In the past there were some significant issues with the "upstream first" policy leaving too many issues unresolved due to issues with the upstream maintainers.  I see significant improvement in the upstream responsiveness.

I also relaxed the "upstream first" policy for a period of time when I took over glibc for Fedora & RHEL to get the insane backlog of problems under control.  But I think it's time to return to the upstream first policy to the fullest extent possible.

Comment 8 Tore Anderson 2012-08-17 12:41:15 UTC

(In reply to comment #7)
> Haha, this works in Ubuntu because they blindly disable the gethostbyname4
> capabilities from upstream.  The gethostbyname4 interface does the A & AAAA
> queries in parallel over the same socket.  It's one of the many kludges
> folks have tried to deal with braindead DNS servers, particularly in
> consumer products.

Okay. This doesn't quite match with my test results for the disconnected host scenario I described in comment #3, though. If there was no available local nameserver, all I could see in the tcpdump was the IN A lookups. It appeared that glibc saw that the IN A lookup failed, and therefore didn't bother to kick off the IN AAAA query. That does not seem like parallel queries to me? (If I set up a local name server, both the IN A and IN AAAA queries were seen.)

> ISTM the better thing to do would be to avoid gethostbyname4 when we're
> suppressing the A lookup.  [ When we're suppressing the AAAA lookup, we use
> gethostbyname2, hence the asymmetry noted in the original report. ]

I'm not familiar enough with the glibc internals to comment on this. I'm a networking guy, really, not a coder. I can do trivial patches, but that's about it I'm afraid.

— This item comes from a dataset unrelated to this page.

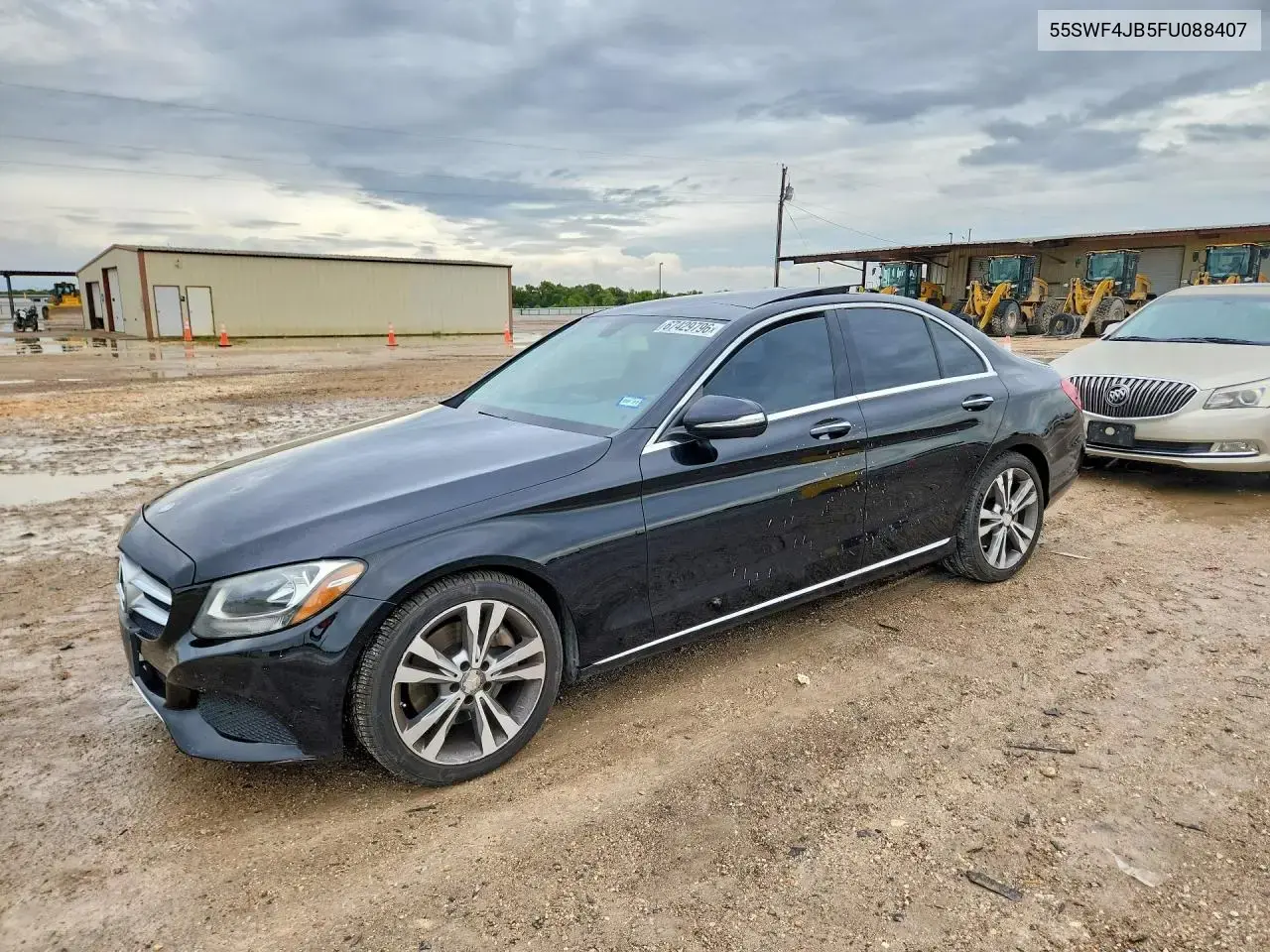 Mercedes-Benz C 300 2015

> Pavel -- this is beyond patching fedora with the intention of upstreaming. 
> Nearly every patch in fedora glibc already has the intention to upstream. 
> What I'm saying is that, the policy needs to return to "upstream first" with
> minimal local hackery -- doubly so for areas like this.
> 
> In the past there were some significant issues with the "upstream first"
> policy leaving too many issues unresolved due to issues with the upstream
> maintainers.  I see significant improvement in the upstream responsiveness.
> 
> I also relaxed the "upstream first" policy for a period of time when I took
> over glibc for Fedora & RHEL to get the insane backlog of problems under
> control.  But I think it's time to return to the upstream first policy to
> the fullest extent possible.

Fair enough. So - do you want me to re-submit this bug in the sourceware.org bugzilla, or will you take it upstream?

Tore

Comment 9 Jeff Law 2012-08-17 15:51:13 UTC

I'll take it upstream since I've got some context.  If there's quesetions from the maintainers that I can't answer, I'll probalby have to defer to you or someone else with more knowledge of the networking standards.

Comment 10 Jeff Law 2012-08-21 22:01:40 UTC

We'll pick this up via upstream if/when they fix it.  A potential patch has been posted for review.

Comment 11 Tore Anderson 2012-08-22 04:24:10 UTC

Okay. I'd be happy to test that patch - where has it been posted? It's not attached in the sourceware.org bug report as far as I can tell.

Comment 12 Jeff Law 2012-08-22 16:37:10 UTC

It was posted to the glibc development list.  I've just attached it to the upstream BZ (14505) as well.